Archer’s yorker game at the death is RR’s best bowling weapon; Kagiso Rabada is GT’s equivalent and his pace and bounce on this surface has been excellent all season. Shimron Hetmyer as RR’s finisher has the power game to target the short square boundaries if he gets to the crease with ten balls remaining. Jason Holder’s lower-order hitting role at GT gives them a comparable late-innings option.
Predicted Lineups
Strategic Prop Markets
Prop 1 (Top Batter): Vaibhav Sooryavanshi Top RR Batter. 676 runs this season at SR 236, 97 off 29 in the Eliminator, 2-0 at this ground. There is genuinely no rational argument for fading him as a top-batter pick in any format on any surface right now. GT’s bowlers will plan for him. They have all season.

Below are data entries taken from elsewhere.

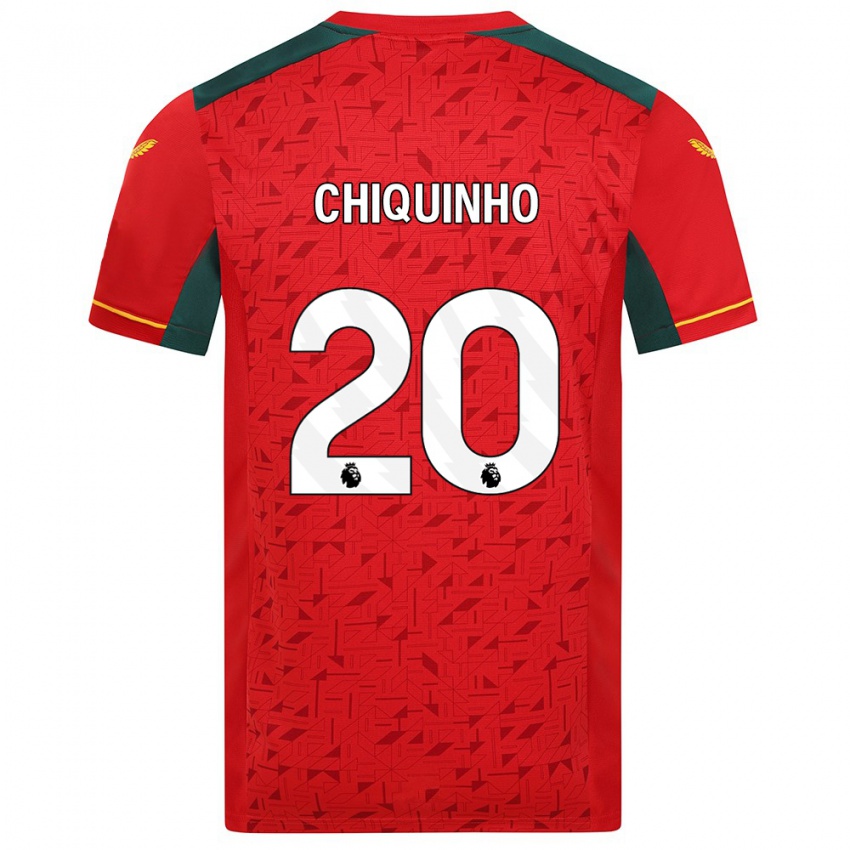 Mænd Chiquinho #20 Rød Udebane Spillertrøjer 2023/24 Trøje T-Shirt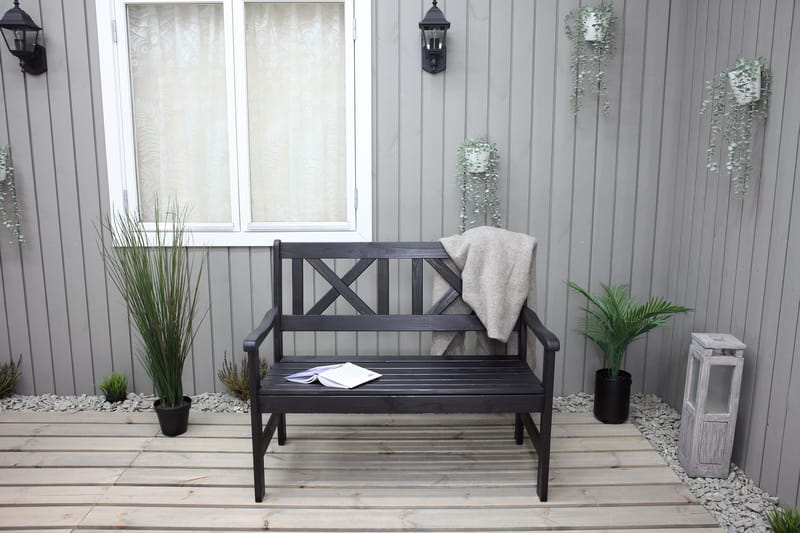 Olivo 2-seter Sofa - Kaffesvart - Hagemøbler & utemiljø - Loungemøbler - Loungesofaer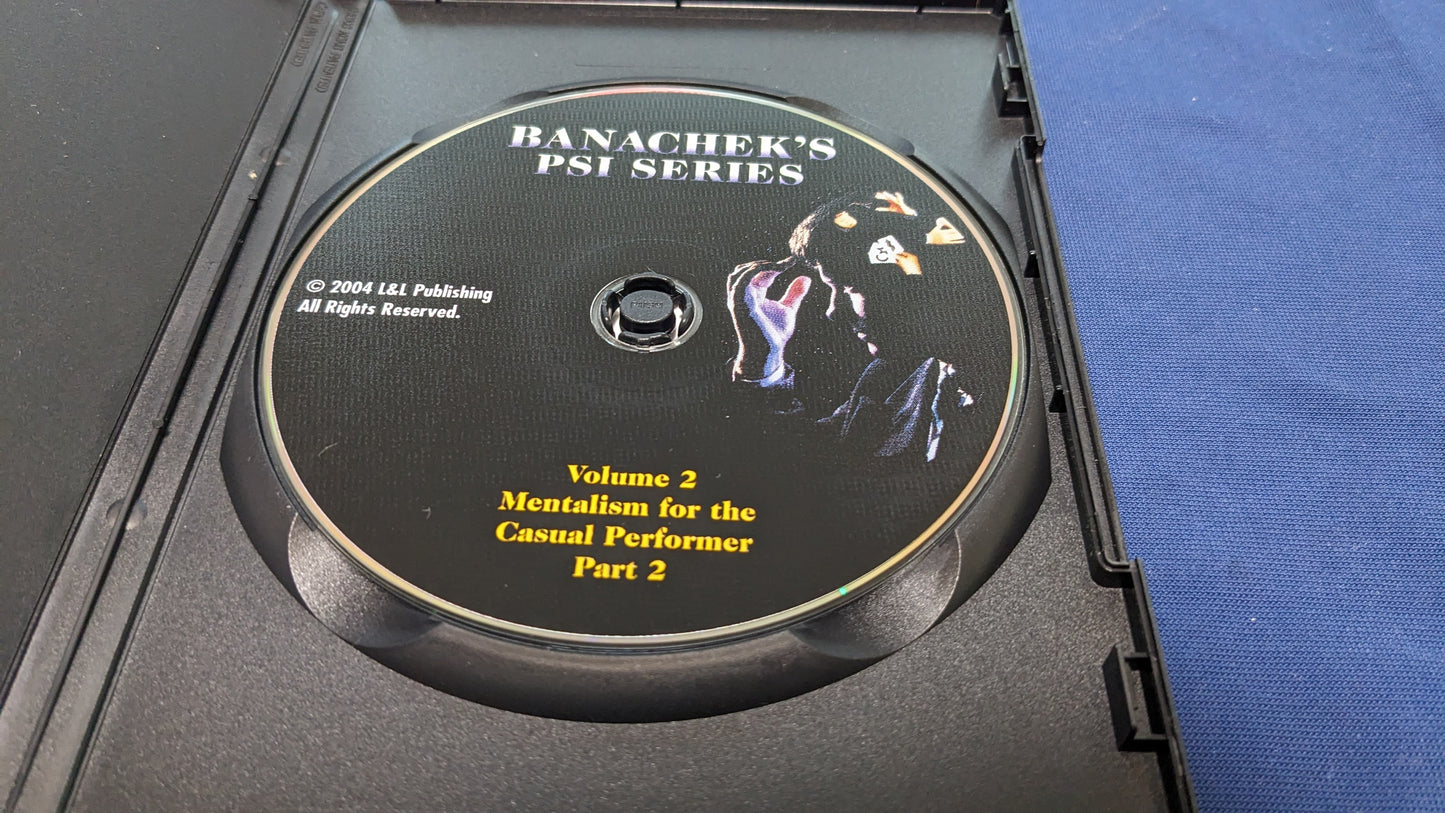 【中古:状態A】Banachek's PSI Series Vol 2 - DVD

It hasn’t worked.
Prop 2 (Key Bowling Matchup): Jofra Archer Top RR Bowler. Seventeen wickets this season, and his biggest threat in this fixture is specifically at Shubman Gill, who he has dismissed in their meetings this season and who looked deeply uncomfortable against pace in the Qualifier 1. Archer’s bounce on a ground where the ball carries through the top is his best asset. A Gill wicket in the first three overs sets RR up for a match-defining powerplay.
Prop 3 (Match Total): Under 355.5 Combined Runs. Mullanpur averages 170-175 first innings. The surface slows through the game, and spinners are expected to be highly influential in the middle overs, and a competitive, lower-scoring knockout game is far more likely here than the 400-run festivals at Wankhede and Eden. Both teams have the bowling to keep the game tight.
GT vs RR Model Projection
The model gives RR a 56% win probability. GT’s 44% is carried by three things: the best bowling attack in the tournament (Rabada 26 wickets, Rashid 19, Siraj 17), the league-stage advantage of finishing second after 14 matches, and the knowledge that a 92-run defeat two days ago was a historic aberration rather than a reflection of their season.
However, RR have the momentum, the ground record, and a ‘Baby Boss’ capable of taking the match away from GT in just a few swings of the bat. Back them to get to the final.
Frequently Asked Questions
Gujarat Titans vs Rajasthan Royals, IPL 2026 Qualifier 2, starts at 7:30 PM IST at the Maharaja Yadavindra Singh International Cricket Stadium in Mullanpur, New Chandigarh. The toss takes place at 7:00 PM IST. The winner advances to the IPL 2026 final against Royal Challengers Bengaluru on May 31 in Ahmedabad.
Rajasthan Royals beat Sunrisers Hyderabad by 47 runs in the IPL 2026 Eliminator on May 27 at the same Mullanpur venue. Vaibhav Sooryavanshi scored 97 off 29 balls including the quickest fifty in an IPL knockout game, before Dhruv Jurel’s 50 off 21 secured a commanding win. RR had finished fourth in the league stage with 14 points.
Gujarat Titans finished second in the league stage with 20 points and played RCB in Qualifier 1 at Dharamsala on May 26. They lost by 92 runs in a match where they collapsed to 51/5 in the powerplay and were bowled out for 162 in response to RCB’s 254. Despite the result, GT’s overall season record of 10 wins from 14 matches reflects one of the strongest league-stage campaigns in IPL 2026.
The Maharaja Yadavindra Singh International Cricket Stadium averages 170-175 runs in the first innings in IPL matches. The surface is built on a sand-based foundation, offers carry for pace bowlers early in the innings, and slows through the middle overs in a way that rewards spin. Dew becomes a factor from around over 14 of the second innings, assisting the chasing side. Both captains are expected to bowl first.
Vaibhav Sooryavanshi is the standout player of the tournament. He has scored 676 runs at a strike rate of 236, including a 97 off 29 in the Eliminator three days ago. Jofra Archer’s ability to dismiss Shubman Gill early is RR’s most important bowling moment. From GT’s side, Rashid Khan in the middle overs on a gripping Mullanpur pitch is the most likely match-changing bowling performance, and Jos Buttler’s big-match experience against spin makes him GT’s key batting counter.